STORED DATA

____

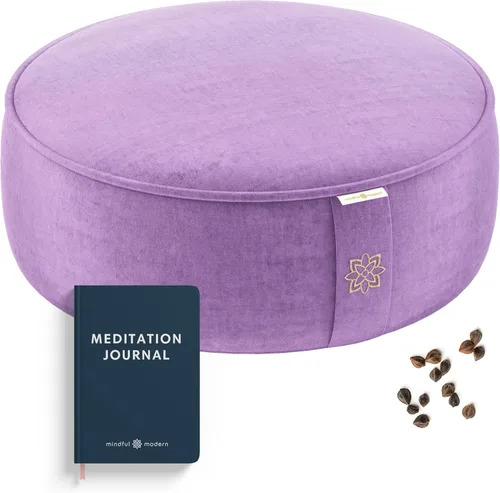 Miniatura 9 de Mindful Modern Velvet Meditation Cushion Luxe Zafu Yoga Floor Pillow Seat Posture Support Buckwheat Hull Filled Large Round Cushion with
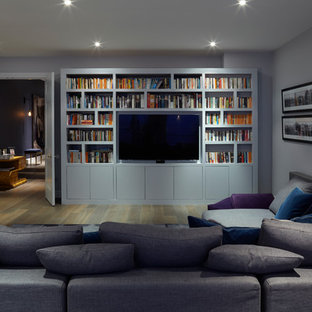 Modelo de sótano en el subsuelo contemporáneo, de tamaño medio, sin chimenea, con paredes púrpuras y suelo de madera en tonos medios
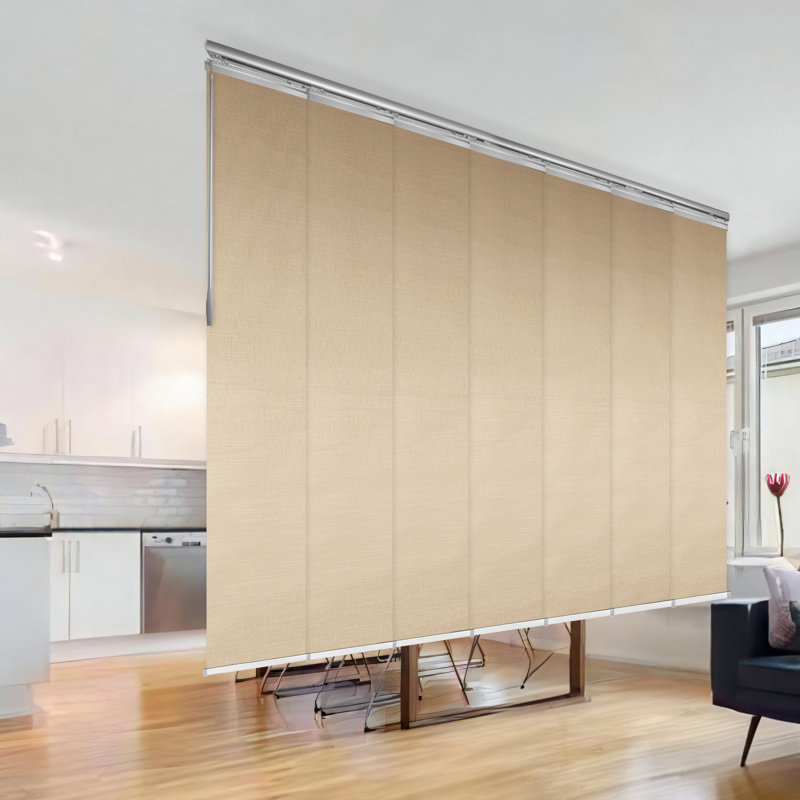 Rail à panneau simple extensible Flax Gold 7 panneaux l 58 po x H 91,4 po, largeur de panneau 15,75 po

____

EXERCISE INSTRUCTIONS
Repeat the listing exactly; do not print any picture.

ANSWER BOX
 Miniatura 9 de Mindful Modern Velvet Meditation Cushion Luxe Zafu Yoga Floor Pillow Seat Posture Support Buckwheat Hull Filled Large Round Cushion with
 Modelo de sótano en el subsuelo contemporáneo, de tamaño medio, sin chimenea, con paredes púrpuras y suelo de madera en tonos medios
 Rail à panneau simple extensible Flax Gold 7 panneaux l 58 po x H 91,4 po, largeur de panneau 15,75 po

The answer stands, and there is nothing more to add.